Question

The table below shows the number of students from three different high schools participating in the mathematics and physics sections of a science fair: Number of Students High School 1 High School 2 High School 3 Mathematics 8 9 12 Physics 28 20 19 Using a .05 level of significance, test the claim that the section of participation and the high school where the students were from are independent.
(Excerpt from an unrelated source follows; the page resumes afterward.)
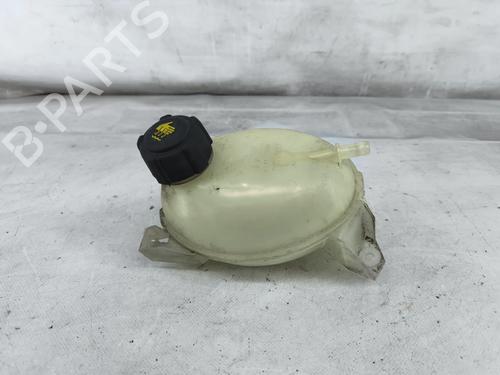 expansion-tank-dacia-lodgy-js_-2012-37180302 main image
Group of answer choices There is evidence to reject the claim that the high school and the section of participation are independent because the test value 5.991 > 0.821 There is evidence to reject the claim that the high school and the section of participation are independent because the test value 12.592 > 0.821 There is not evidence to reject the claim that the high school and the section of participation are independent because the test value 0.821 < 5.991 There is not evidence to reject the claim that the high school and the section of participation are independent because the test value 2.161 < 5.991

Answer 1

The expected values for each of the 6 cells above are computed as:
E_i = (Sum of row i)*(Sum of column i) / Grand Total

Also the chi square test statistic contribution for i^th cell is computed here as:

$\chi^2_i = \frac{(O_i - E_i)^2}{E_i}$

The computations therefore here are obtained as:

Mathematics Physics High School-1 8 (10.88) [0.76] 28 (25.12) [0.33] High School-2 9 (8.76) [0.01] 20 (20.24) [0.00] High School-3 12 (9.36) [0.74] 19 (21.64) [0.32]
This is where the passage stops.